Cover the bottom of your sauce pan with a thin layer of oil (we use avocado oil), turn on the heat– medium high. When the oil is hot (a dropped chopping sizzles) stir in the chopped ingredients, stirring frequently until the onions are a caramel color (the photo above is early in the process). When I make this with fake meat (my mother used real chopped meat, particularly when she made her incomparable lasagne), I brown the fake meat during this stage of cooking.
During Sekhnet’s tomato season I cut off the tops of and parboil as many as she harvests (until the skin looks wrinkly), remove them carefully with a slotted spoon, into a strainer, run them under cold water (the suckers are hot!) and pull the skins off, before adding them to the ingredients above. In the winter, it is a can or two of whole tomatoes, which have been skinned somewhere in Italy. Using canned tomatoes (though not quite the same as fresh, ripe ones) eliminates the real possibility (the first time) of being hurt by a scalding hot tomato you are skinning.

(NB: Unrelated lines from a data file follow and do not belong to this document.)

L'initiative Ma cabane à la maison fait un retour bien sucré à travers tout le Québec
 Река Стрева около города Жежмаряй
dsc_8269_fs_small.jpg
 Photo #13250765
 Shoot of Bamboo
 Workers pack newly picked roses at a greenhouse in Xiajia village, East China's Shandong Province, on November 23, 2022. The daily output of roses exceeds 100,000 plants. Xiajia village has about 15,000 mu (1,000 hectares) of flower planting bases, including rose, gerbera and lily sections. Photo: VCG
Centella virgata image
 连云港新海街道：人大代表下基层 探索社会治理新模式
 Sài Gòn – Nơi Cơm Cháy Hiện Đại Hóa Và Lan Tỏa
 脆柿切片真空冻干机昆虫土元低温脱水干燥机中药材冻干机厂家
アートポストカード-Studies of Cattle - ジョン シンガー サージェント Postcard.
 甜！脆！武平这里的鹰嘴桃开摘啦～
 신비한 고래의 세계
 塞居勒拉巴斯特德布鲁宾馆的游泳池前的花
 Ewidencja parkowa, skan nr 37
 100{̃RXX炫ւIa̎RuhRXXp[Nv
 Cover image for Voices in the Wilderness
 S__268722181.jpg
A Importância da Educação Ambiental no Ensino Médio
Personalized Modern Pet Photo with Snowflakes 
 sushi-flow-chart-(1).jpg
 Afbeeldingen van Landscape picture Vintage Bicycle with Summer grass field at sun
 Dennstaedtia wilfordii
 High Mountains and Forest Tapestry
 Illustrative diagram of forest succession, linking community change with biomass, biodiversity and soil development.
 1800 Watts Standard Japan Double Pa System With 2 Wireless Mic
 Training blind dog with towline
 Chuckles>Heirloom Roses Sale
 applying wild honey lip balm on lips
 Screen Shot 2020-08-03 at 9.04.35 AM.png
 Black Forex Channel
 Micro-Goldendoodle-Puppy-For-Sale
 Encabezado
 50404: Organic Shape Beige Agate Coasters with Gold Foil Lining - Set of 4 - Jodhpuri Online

Pour the tomatoes into the sauce pan, mixing well and crushing them with a wooden spatula or potato masher (I suppose you could also use crushed tomatoes in the can). Once it reaches a boil, simmer it over a low flame, uncovered (this allows it to reduce into a rich sauce). Stir frequently while it simmers.
Every half hour or so spoon out a bit, let it cool, taste it. When it is close to your liking, add chopped fresh oregano and fresh basil to the sauce, stir and simmer a bit longer. This is also the time to start the pasta cooking.
You will notice I mention neither salt nor ground pepper, though both can be added. We use only a pinch or two. These can also be added to taste once the sauce is on your plate, if anyone at your table is trying to limit their salt intake.
It is possible to eat this sauce after a fairly short cooking time (less than an hour, or even twenty minutes in). But Sekhnet, shrugging like one of her mother’s old Italian friends will say, with the tolerant, slightly pitying nod of someone forced to state the obvious, “it’s young.”
The young sauce is not bad, but the longer you cook it, the more it reduces (as water slowly boils away) and the richer the flavor becomes. Like many good things, this sauce rewards your patience.
A great sauce for a cold day, and if you love a good pasta sauce, your house will smell great for a few hours while it’s cooking.